**WHAT IS BEING ASKED**
Copy from the first line below down to and including the line with "Многофункциональные женские кожаные". Skip the pictures.

-------- RECORDS FOR THE EXERCISE

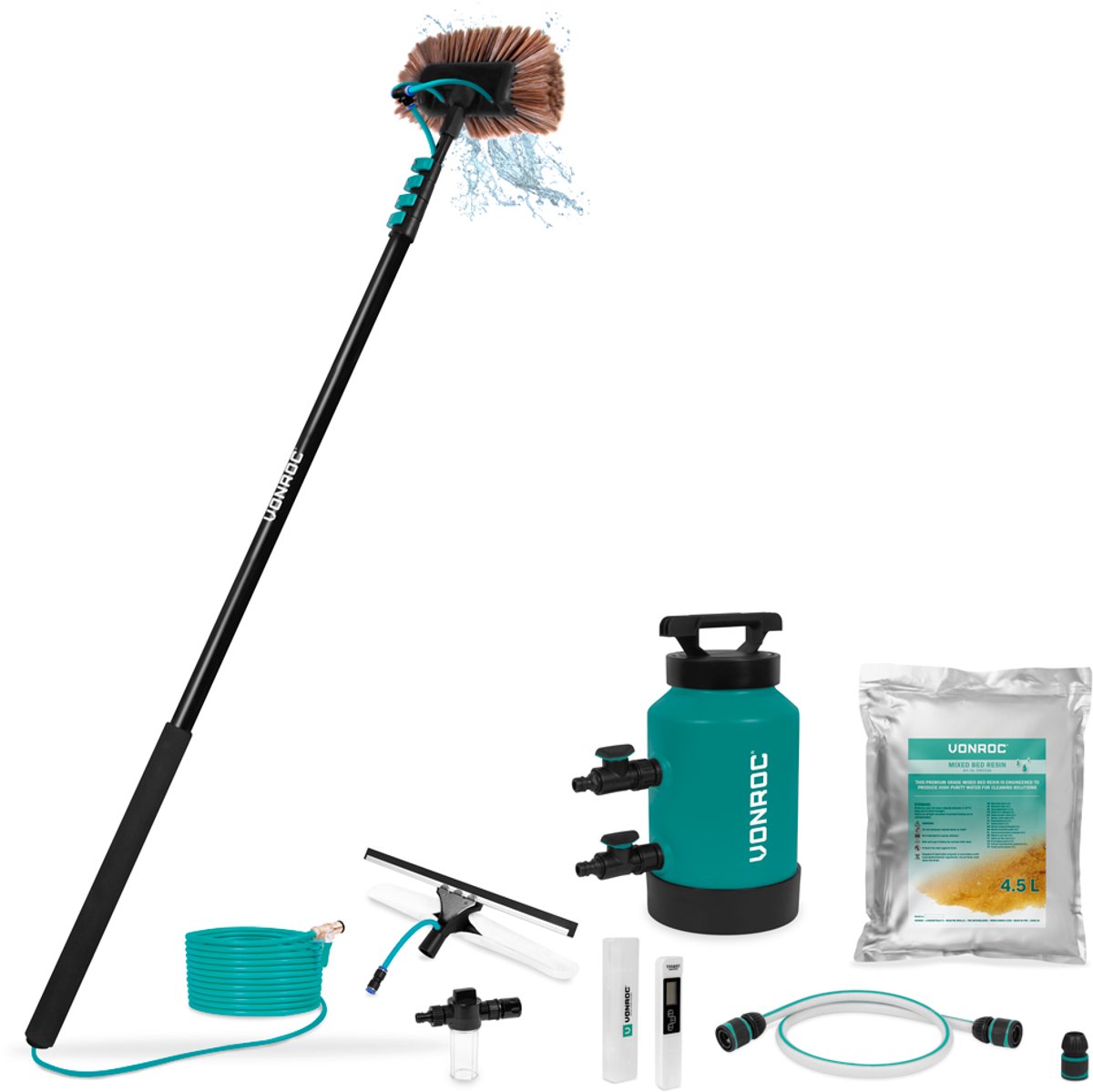 VONROC Aluminium Telescopische Wasborstel 6,50m en DI-Puurwaterfilter - Complete Set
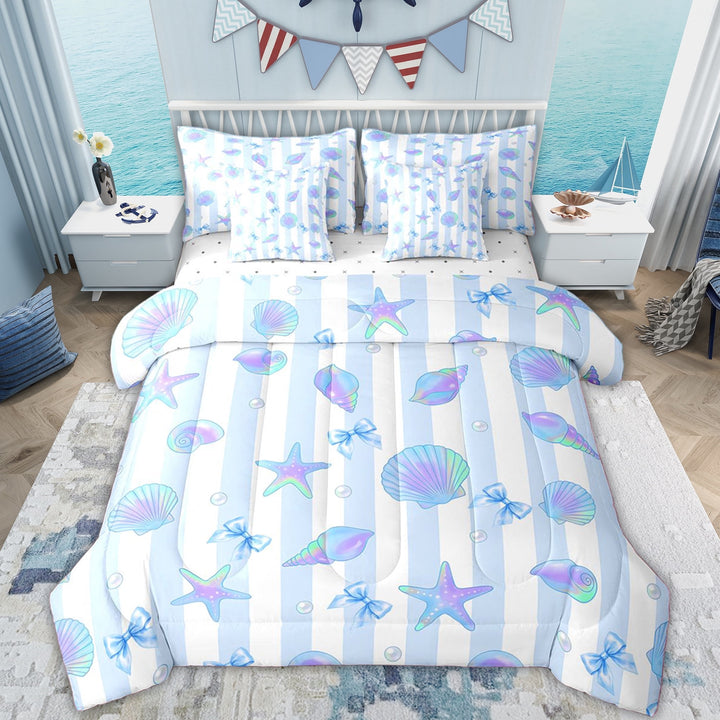 Erosebridal Blue Sealife Kids Twin Bedding Sets, Cute Marine Starfish Bedding Comforter Set, 7 Pieces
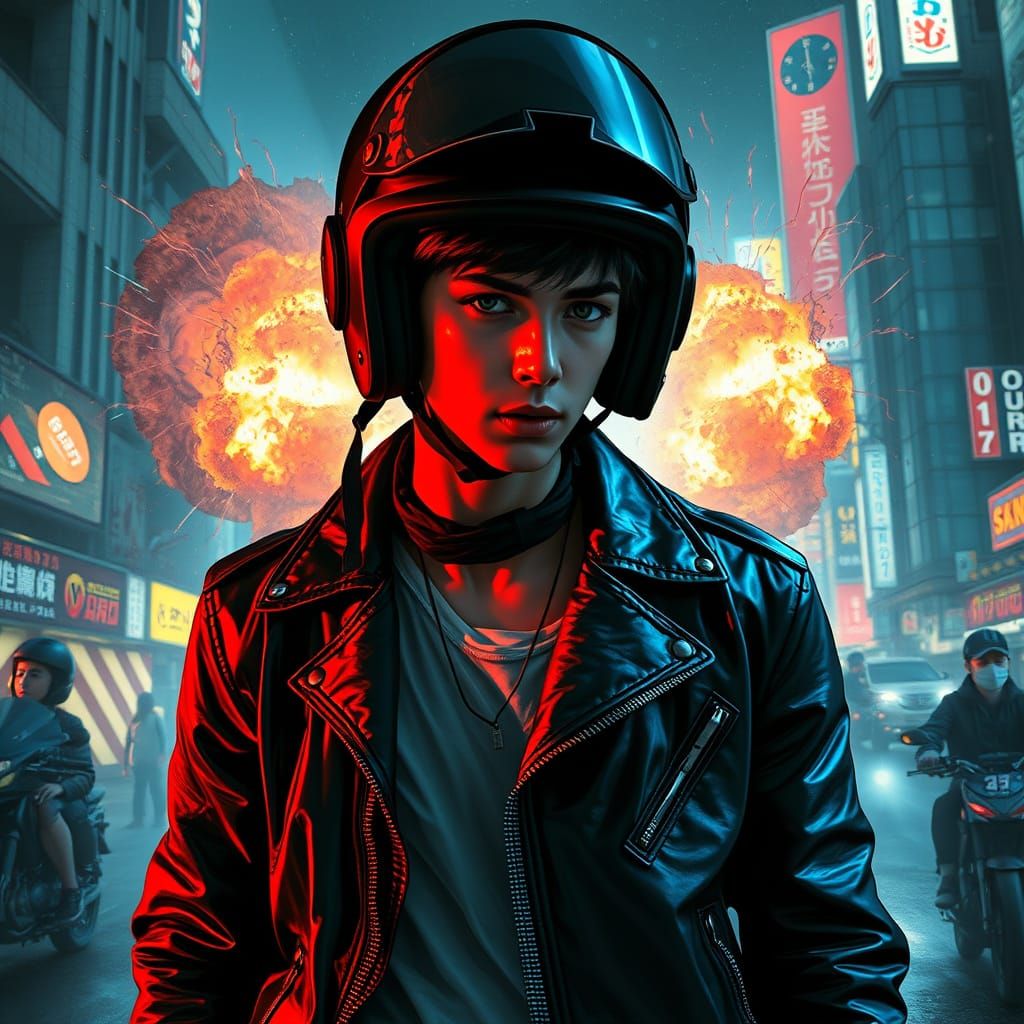 Cyberpunk Biker in Dystopian Tokyo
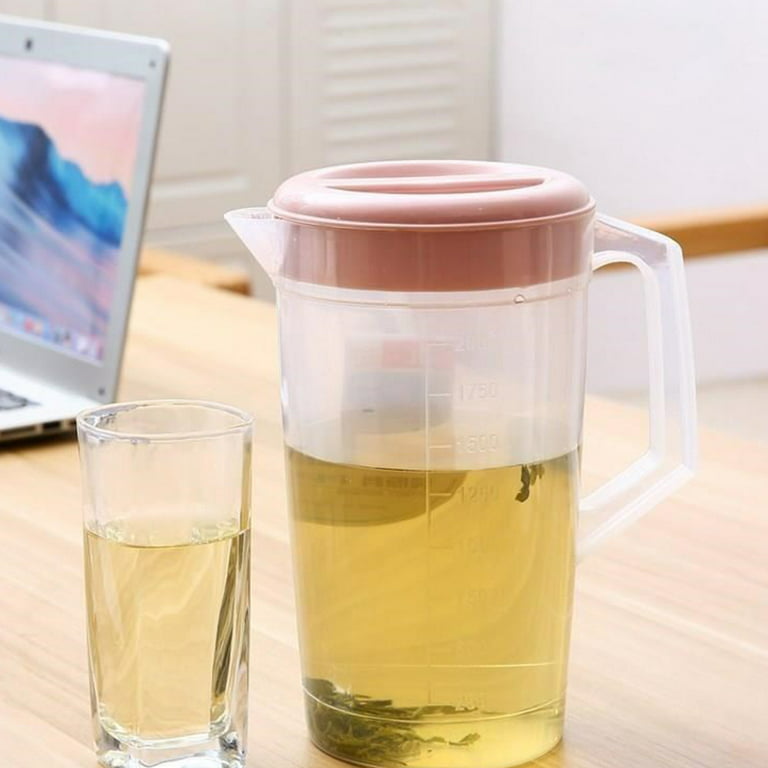 NUOLUX Pitcher Glass Jug Water Carafe Lid Tea Juice Beverage Fridge  Dispenser Milk Iced Drink Ice Gallon Serving Container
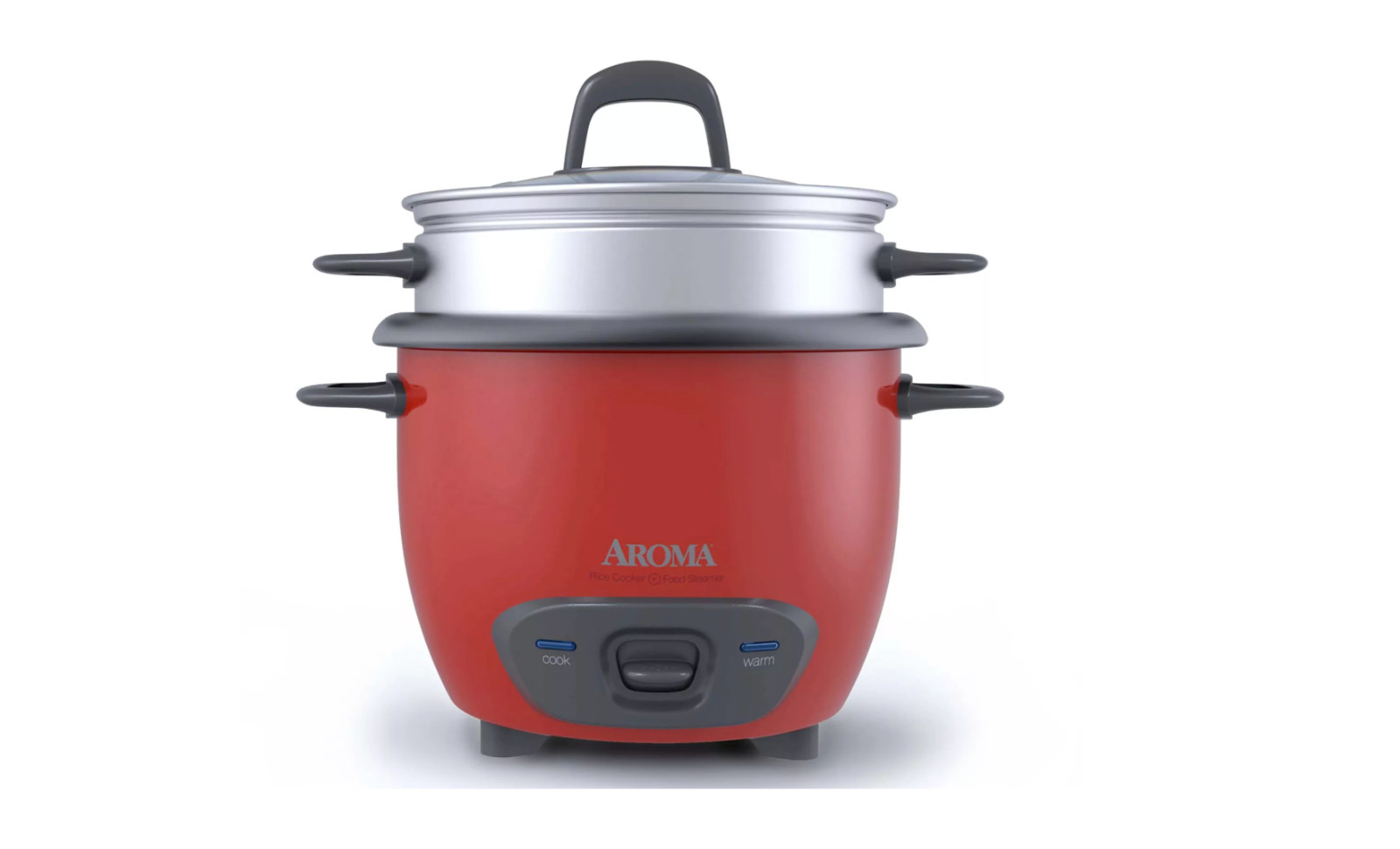 Aroma 6-Cup Pot Style Rice Cooker & Food Steamer, Red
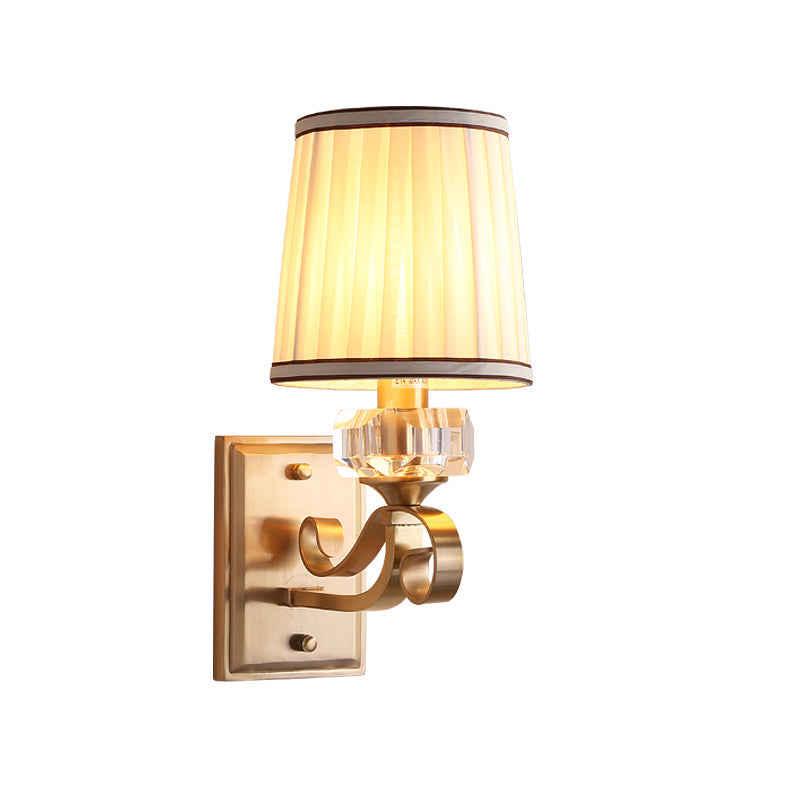 Modern Brass/Black Wall Mount Light With Cone Shade - Contemporary Fabric Sconce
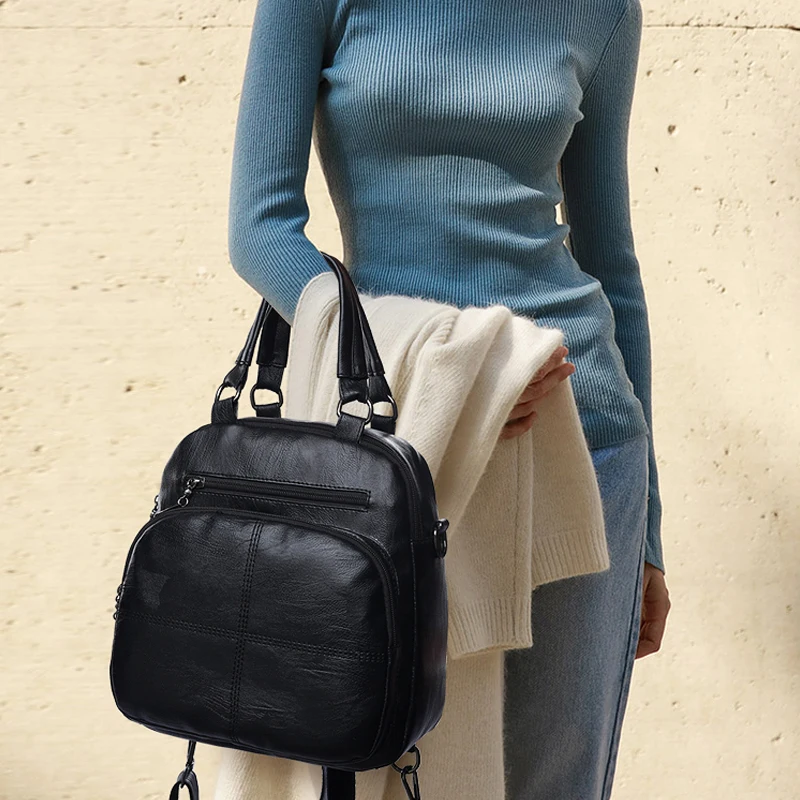 Многофункциональные женские кожаные рюкзаки Sac a Dos школьные сумки через плечо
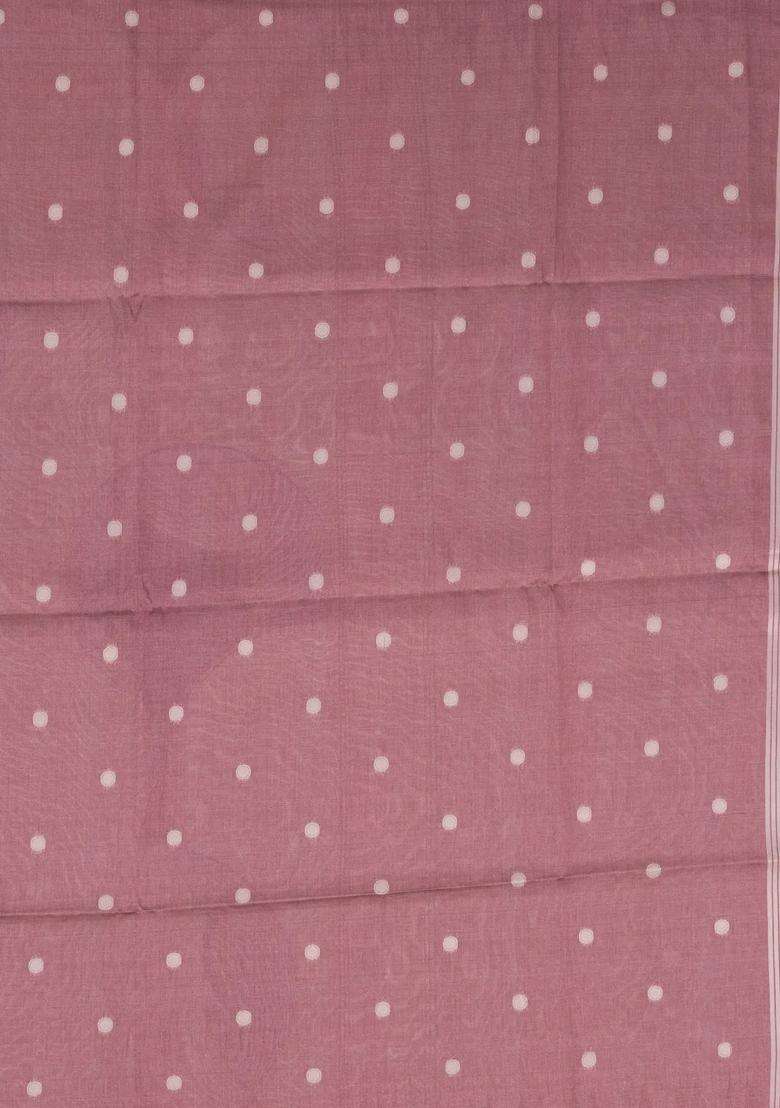 Dusty Pink Woven Art Dupion Art Silk Saree With Printed Circle Motifs For Women - Indya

----------------

**RESPONSE**
 VONROC Aluminium Telescopische Wasborstel 6,50m en DI-Puurwaterfilter - Complete Set
 Erosebridal Blue Sealife Kids Twin Bedding Sets, Cute Marine Starfish Bedding Comforter Set, 7 Pieces
 Cyberpunk Biker in Dystopian Tokyo
 NUOLUX Pitcher Glass Jug Water Carafe Lid Tea Juice Beverage Fridge  Dispenser Milk Iced Drink Ice Gallon Serving Container
 Aroma 6-Cup Pot Style Rice Cooker & Food Steamer, Red
 Modern Brass/Black Wall Mount Light With Cone Shade - Contemporary Fabric Sconce
 Многофункциональные женские кожаные рюкзаки Sac a Dos школьные сумки через плечо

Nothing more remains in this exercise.